- [AIM OF THE EXERCISE]: Copy the following data exactly and drop the pictures.

- [THE DATA]:

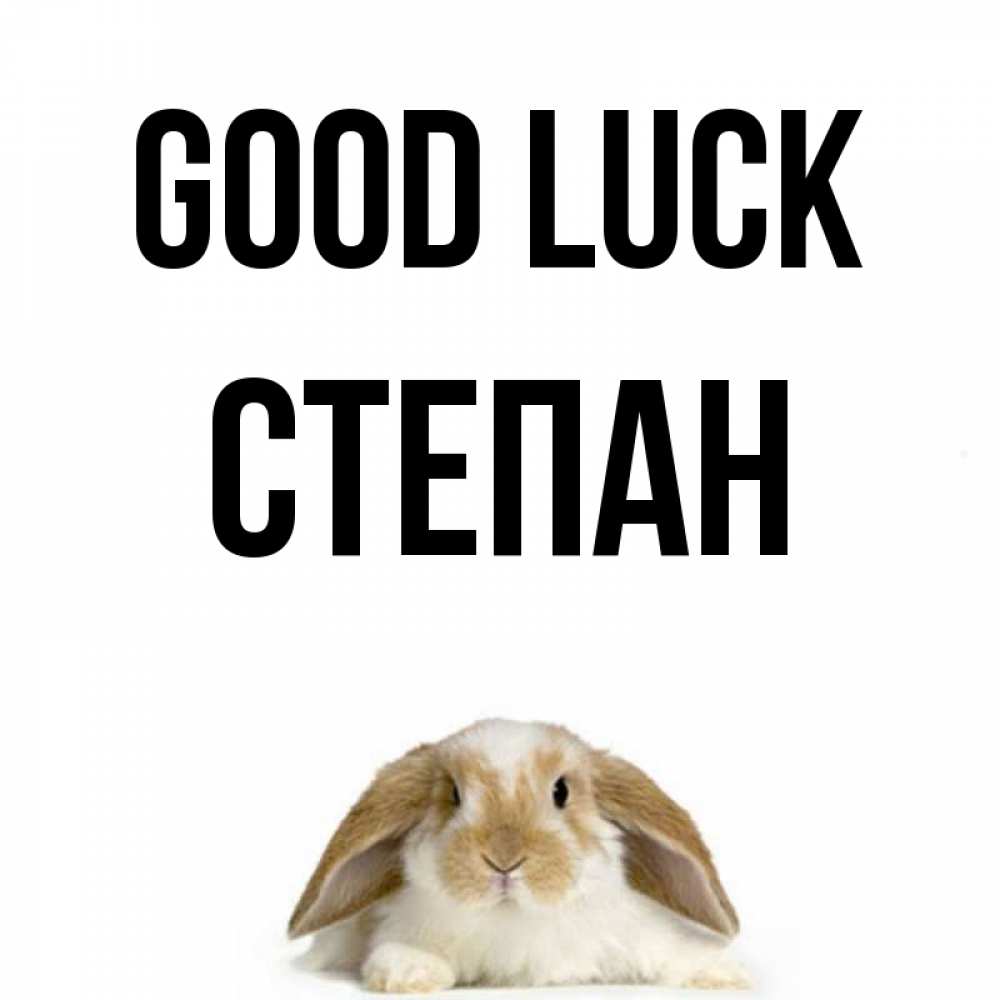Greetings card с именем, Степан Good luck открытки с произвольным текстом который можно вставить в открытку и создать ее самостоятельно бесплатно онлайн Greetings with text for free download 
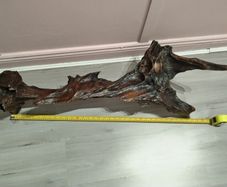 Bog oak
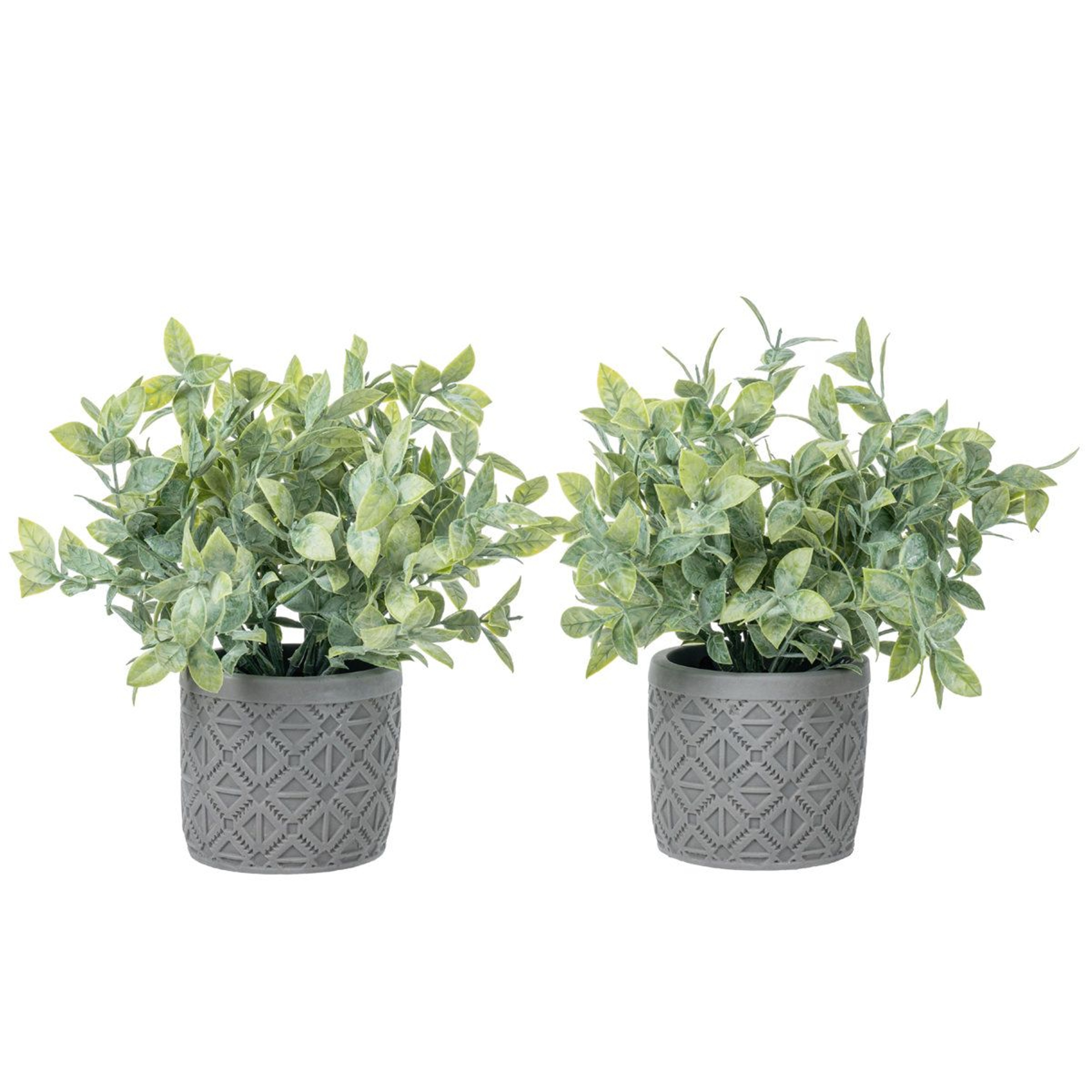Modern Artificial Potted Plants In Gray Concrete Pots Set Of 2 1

- [TASK OUTPUT]:
Greetings card с именем, Степан Good luck открытки с произвольным текстом который можно вставить в открытку и создать ее самостоятельно бесплатно онлайн Greetings with text for free download 
 Bog oak
Modern Artificial Potted Plants In Gray Concrete Pots Set Of 2 1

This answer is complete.